Developer Tools

viable/strict/1773837300: Use FloorDiv and Mod instead of // and % on sympy exprs (#177051)

A subtle bug in PyTorch's inductor compiler was forcing unnecessary masking in Triton kernels, causing major slowdowns.

Deep Dive

The PyTorch team has resolved a significant performance regression in its TorchInductor compiler, the engine behind `torch.compile`. The core issue was a type mismatch: when the compiler's code used Python's native `//` (floor division) and `%` (modulo) operators on raw SymPy symbolic expressions, it created `sympy.Mod` and `sympy.floor` objects. These are different from PyTorch's custom `torch.utils._sympy.functions.Mod` and `FloorDiv` types, which are registered as axioms for the compiler's symbolic reasoning engine (`torch._check`).
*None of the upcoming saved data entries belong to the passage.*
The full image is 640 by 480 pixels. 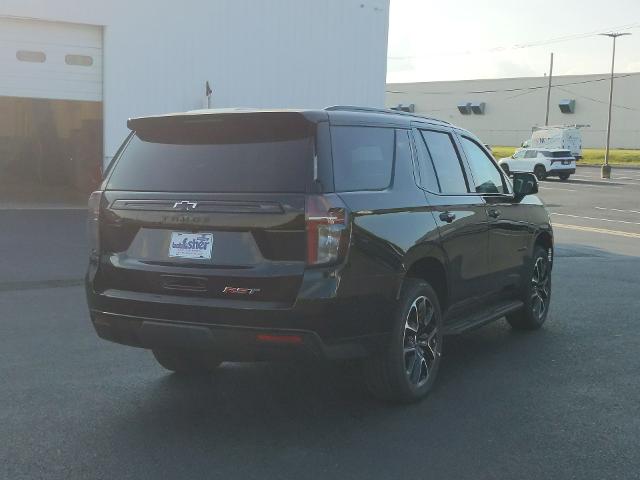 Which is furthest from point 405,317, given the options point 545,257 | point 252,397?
point 545,257

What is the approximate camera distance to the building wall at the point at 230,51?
680 inches

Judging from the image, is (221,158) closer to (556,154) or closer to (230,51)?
(230,51)

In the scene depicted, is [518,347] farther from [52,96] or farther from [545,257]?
[52,96]

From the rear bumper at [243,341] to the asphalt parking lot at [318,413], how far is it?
1.56 feet

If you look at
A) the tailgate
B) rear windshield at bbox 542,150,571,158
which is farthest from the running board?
rear windshield at bbox 542,150,571,158

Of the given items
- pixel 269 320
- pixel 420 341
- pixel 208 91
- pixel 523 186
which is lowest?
pixel 420 341

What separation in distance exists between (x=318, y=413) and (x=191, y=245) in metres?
1.33

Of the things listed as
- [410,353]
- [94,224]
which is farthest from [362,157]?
[94,224]

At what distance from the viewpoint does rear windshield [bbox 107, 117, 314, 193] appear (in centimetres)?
448

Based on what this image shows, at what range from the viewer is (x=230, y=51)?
1827 cm

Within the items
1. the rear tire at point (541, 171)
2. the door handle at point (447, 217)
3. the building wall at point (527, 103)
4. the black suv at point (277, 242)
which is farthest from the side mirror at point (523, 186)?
the building wall at point (527, 103)

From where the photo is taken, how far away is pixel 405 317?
4871 millimetres

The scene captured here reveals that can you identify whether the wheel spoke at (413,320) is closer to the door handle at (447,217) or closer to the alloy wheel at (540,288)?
the door handle at (447,217)

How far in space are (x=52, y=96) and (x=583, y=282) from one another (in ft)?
39.1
This mismatch caused the `statically_known_true` function to fail to recognize valid divisibility constraints (like `seq_len % 128 == 0`). Consequently, the compiler assumed shapes were not divisible, forcing it to generate conservative, masked Triton kernels for GPU operations. This led to severe performance penalties, most notably a 2.5x slowdown in the `flex_attention` operator when using dynamic shapes. After an exhaustive search of 444 Python files and 917 raw operator occurrences, developers identified and fixed 16 problematic call sites across 8 files by replacing `//` and `%` with explicit calls to `Mod()` and `FloorDiv()`.

The impact is immediate and substantial. In a benchmark for `flex_attention` with a sequence length (S) of 2048 on a GB200 system, performance with dynamic shapes is restored from a regressed 1.07 ms back to the optimal 0.43 ms—matching the performance of static shapes. This fix also resolves related vectorization regressions, such as a 27% slowdown in RMSNorm on H100 GPUs that was addressed in a prior pull request (#175755). The correction ensures the compiler can correctly leverage user-provided shape constraints to generate the most efficient, unmasked GPU kernels possible.

Key Points
  • Fixed a type mismatch where Python's `//` and `%` created incorrect SymPy types, breaking the compiler's symbolic reasoning.
  • Eliminated a 2.5x performance regression in `flex_attention` with dynamic shapes, restoring runtime from 1.07 ms to 0.43 ms.
  • The fix required auditing 917 operator occurrences across 444 files, with changes made to 16 critical call sites in 8 files.

Why It Matters

This fix ensures PyTorch's `torch.compile` can generate optimal GPU code, preventing major, hidden performance regressions for models using dynamic shapes and attention.